The listed kernel above shows no problems at all. 3.7 also worked before I upgraded to 3.8

comment:3 Changed 13 months ago by srondeau

I had a similar experience with upgrading Fedora 17 from 3.6.10 to 3.8.3 -- VirtualBox 4.2.10 issued "unable to handle kernel paging" while writing to the virtual disk (was installing Fedora 17 Live CD to hard drive). So I tried VirtualBox 4.1.24 -- same problem. I changed to another computer with 3.8.3 kernel -- same problem. Reverted kernel to 3.6.10, and no problems were encountered.

Reported problem to Red Hat (Bug 929339), who said it was VirtualBox's problem.

comment:4 Changed 13 months ago by sl4mmy

I encountered the same problem today on ArchLinux. I was running virtualbox-4.2.10-2 and linux-3.8.5-1. I had to downgrade back to virtualbox-4.2.8-1 and linux-3.7.10-1 in order to use my virtual machines again. I will upload the relevant snippet from /var/log/messages.log.

Changed 13 months ago by sl4mmy

Changed 13 months ago by sl4mmy

This log is from when I couldn't boot a Windows virtual machine after upgrading my ArchLinux system to virtualbox-4.2.10-2 and linux-3.8.5-1.

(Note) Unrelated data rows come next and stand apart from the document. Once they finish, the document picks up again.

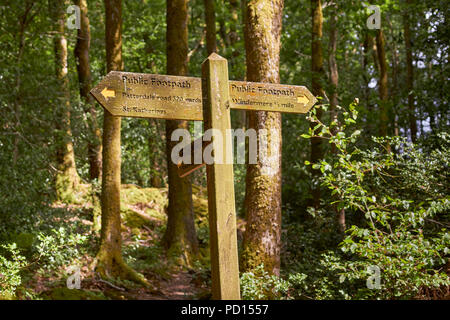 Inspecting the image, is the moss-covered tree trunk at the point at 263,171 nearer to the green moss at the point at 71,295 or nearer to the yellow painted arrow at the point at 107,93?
the green moss at the point at 71,295

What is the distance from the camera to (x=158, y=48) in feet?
68.4

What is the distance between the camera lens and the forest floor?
28.4 feet

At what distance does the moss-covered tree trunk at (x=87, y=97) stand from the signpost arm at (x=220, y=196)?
9178mm

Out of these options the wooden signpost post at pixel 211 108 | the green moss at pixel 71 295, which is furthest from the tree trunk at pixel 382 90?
the wooden signpost post at pixel 211 108

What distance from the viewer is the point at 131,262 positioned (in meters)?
11.0

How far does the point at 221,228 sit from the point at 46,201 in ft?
22.3

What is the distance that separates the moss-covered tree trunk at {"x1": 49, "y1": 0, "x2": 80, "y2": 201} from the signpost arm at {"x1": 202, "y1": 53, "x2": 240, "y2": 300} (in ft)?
24.1

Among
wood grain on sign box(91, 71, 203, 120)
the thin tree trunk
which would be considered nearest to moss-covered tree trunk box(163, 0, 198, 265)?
the thin tree trunk

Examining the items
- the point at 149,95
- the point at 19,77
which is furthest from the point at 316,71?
the point at 149,95

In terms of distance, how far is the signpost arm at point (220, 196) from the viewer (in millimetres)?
4234

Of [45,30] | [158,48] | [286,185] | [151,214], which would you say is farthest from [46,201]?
[158,48]

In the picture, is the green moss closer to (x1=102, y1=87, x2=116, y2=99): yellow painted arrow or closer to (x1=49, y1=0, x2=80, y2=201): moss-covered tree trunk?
(x1=49, y1=0, x2=80, y2=201): moss-covered tree trunk

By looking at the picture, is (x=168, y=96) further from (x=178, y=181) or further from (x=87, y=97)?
(x=87, y=97)

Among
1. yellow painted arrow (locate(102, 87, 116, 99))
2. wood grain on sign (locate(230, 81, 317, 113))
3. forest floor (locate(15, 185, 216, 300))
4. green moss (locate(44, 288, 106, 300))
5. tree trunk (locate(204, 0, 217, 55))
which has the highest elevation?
tree trunk (locate(204, 0, 217, 55))
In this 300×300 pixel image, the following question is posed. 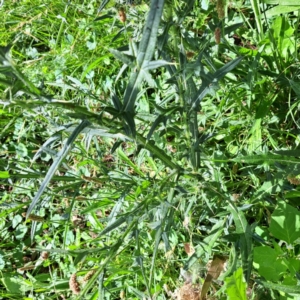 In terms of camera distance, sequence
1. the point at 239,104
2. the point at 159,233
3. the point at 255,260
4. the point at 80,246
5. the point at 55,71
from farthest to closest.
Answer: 1. the point at 55,71
2. the point at 80,246
3. the point at 239,104
4. the point at 255,260
5. the point at 159,233

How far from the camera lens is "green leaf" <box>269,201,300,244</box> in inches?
48.4

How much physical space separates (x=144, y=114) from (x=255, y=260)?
528 millimetres

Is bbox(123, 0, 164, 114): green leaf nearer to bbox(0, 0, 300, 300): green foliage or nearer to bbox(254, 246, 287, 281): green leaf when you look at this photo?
bbox(0, 0, 300, 300): green foliage

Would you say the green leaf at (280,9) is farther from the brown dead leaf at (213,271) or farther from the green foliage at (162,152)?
the brown dead leaf at (213,271)

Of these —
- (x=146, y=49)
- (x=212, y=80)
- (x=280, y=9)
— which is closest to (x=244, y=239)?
(x=212, y=80)

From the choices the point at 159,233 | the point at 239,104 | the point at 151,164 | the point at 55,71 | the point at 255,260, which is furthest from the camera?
the point at 55,71

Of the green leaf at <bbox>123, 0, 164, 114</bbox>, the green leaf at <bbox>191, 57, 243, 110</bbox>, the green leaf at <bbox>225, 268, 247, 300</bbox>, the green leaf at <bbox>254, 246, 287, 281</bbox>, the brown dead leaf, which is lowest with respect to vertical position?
the brown dead leaf

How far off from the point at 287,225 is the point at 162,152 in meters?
0.42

Changed 13 months ago by sl4mmy

This log is from successfully booting the same Windows virtual machine after downgrading back to virtualbox-4.2.8-1 and linux-3.7.10-1

Changed 13 months ago by rsalmon

kernel oops starting a VM on a up-to-date fedora 18 Linux bureau 3.8.5-201.fc18.i686.PAE #1 SMP Thu Mar 28 21:50:08 UTC 2013 i686 i686 i386 GNU/Linux VirtualBox-4.2-4.2.10_84104_fedora18-1.i686

comment:5 follow-up: ↓ 6 Changed 13 months ago by rsalmon

actually, as I read again the description of this ticket, I realized that my issue is probably not the same as this one since VMs don't start. I get a kernel Oops trying to start them.

comment:6 in reply to: ↑ 5 Changed 13 months ago by sl4mmy

Replying to rsalmon:

actually, as I read again the description of this ticket, I realized that my issue is probably not the same as this one since VMs don't start. I get a kernel Oops trying to start them.

Actually, the same is true in my case as well. The VM starts but the Oops happens at some random point while the guest is booting. I tried with both Windows XP and RHEL 6.3 guests. None ever booted into a usable state before the Oops occurred.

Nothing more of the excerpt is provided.